Если бы Смыслов счел эту жертву обоснованной, иначе говоря, если бы он оценил ход юного противника как наилучший, он, скорее всего, сам отдал бы ладью за легкую фигуру, как он в какой-то момент и собирался было поступить. Но в том-то и дело, что признать ход Каспарова объективно наилучшим Смыслов не мог (и был прав в этом), а субъективно шахматисту старшего поколения лишнее, вполне реально осязаемое материальное преимущество казалось дороже не очень опасной на первый взгляд инициативы черных.

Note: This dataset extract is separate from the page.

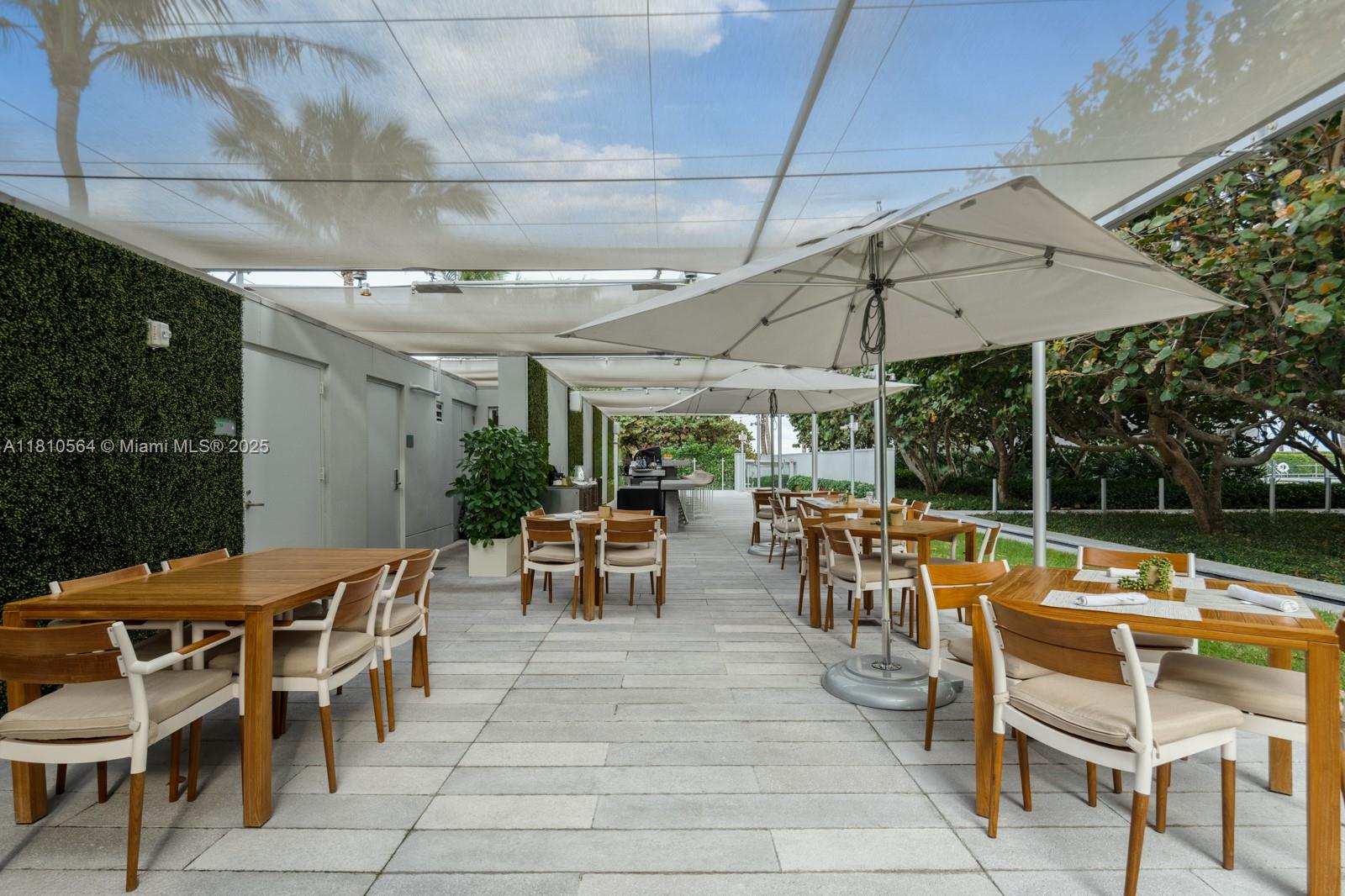 8701 Collins Avenue, Unit 905 Miami Beach, FL 33154 - Photo 64 of 80 an outdoor space with swimming pool and patio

Тут столкнулись разные подходы к шахматам. Победил взгляд современный, взгляд на шахматы не как на некую логическую задачу, ведущую самостоятельное существование на доске, но как на шестидесятичетырехклеточный организм, который живет и дышит лишь в непосредственном взаимодействии с шахматистом. Рука, прикасающаяся к фигуре, как бы осуществляет не только зримый внешний, но таинственный внутренний контакт между интеллектом, волей человека и одухотворенной этим прикосновением фигурой.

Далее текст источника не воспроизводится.